▸ RECORDED INFORMATION:
------------

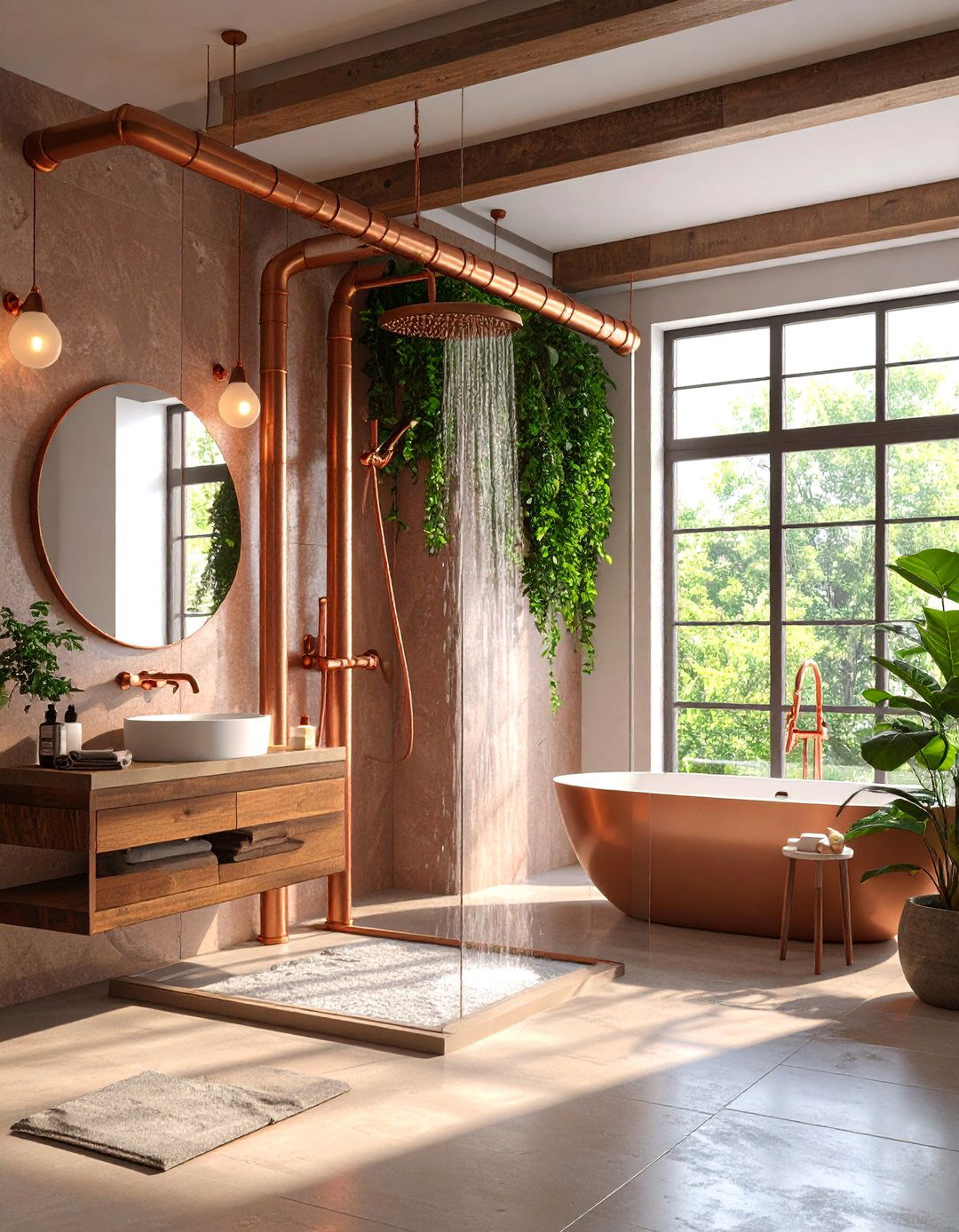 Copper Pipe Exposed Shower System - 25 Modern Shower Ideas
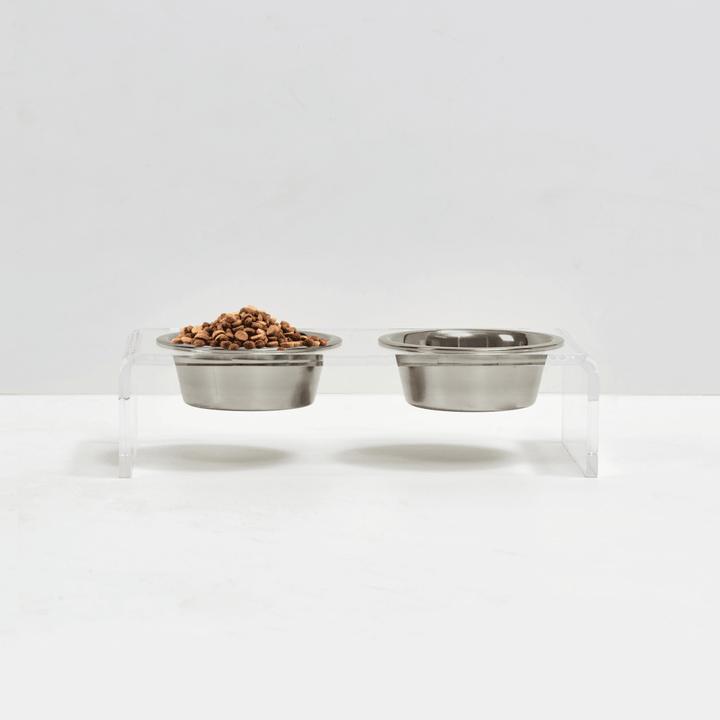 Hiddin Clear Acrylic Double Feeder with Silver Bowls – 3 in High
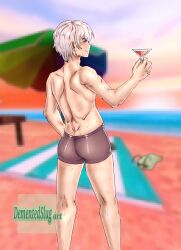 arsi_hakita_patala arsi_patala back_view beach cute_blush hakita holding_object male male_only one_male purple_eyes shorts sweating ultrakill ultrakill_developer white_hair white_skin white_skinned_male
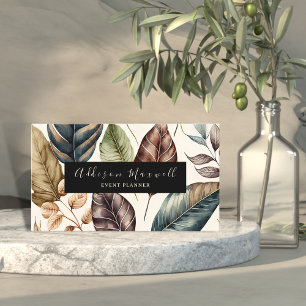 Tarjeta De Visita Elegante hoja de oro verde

------------

Print out all the material word for word but exclude any images.

 Copper Pipe Exposed Shower System - 25 Modern Shower Ideas
 Hiddin Clear Acrylic Double Feeder with Silver Bowls – 3 in High
 arsi_hakita_patala arsi_patala back_view beach cute_blush hakita holding_object male male_only one_male purple_eyes shorts sweating ultrakill ultrakill_developer white_hair white_skin white_skinned_male
 Tarjeta De Visita Elegante hoja de oro verde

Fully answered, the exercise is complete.